EXERCISE DIRECTIONS:
Copy the data below exactly, but not the pictures it contains.

SUPPLIED MATERIAL:
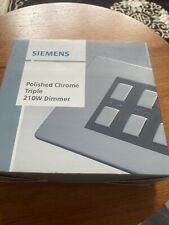 Siemens polished chrome for sale  TAMWORTH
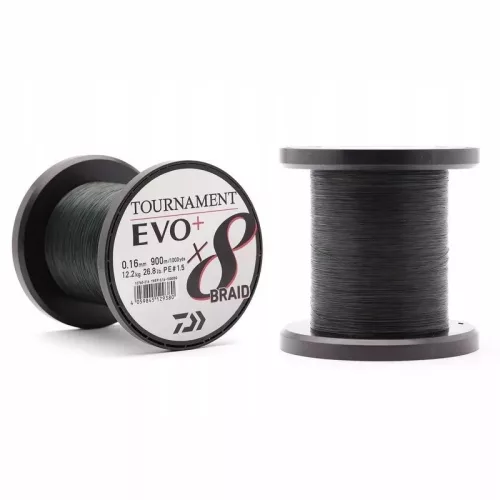 Tekercs Vége Daiwa Tournament X8 Braid EVO+ zöld 0,08mm 40méter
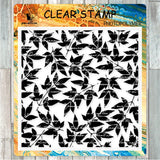 Leaf Clear Stamps, 5pcs/Set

SOLUTION FOR THIS TASK:
 Siemens polished chrome for sale  TAMWORTH
 Tekercs Vége Daiwa Tournament X8 Braid EVO+ zöld 0,08mm 40méter
 Leaf Clear Stamps, 5pcs/Set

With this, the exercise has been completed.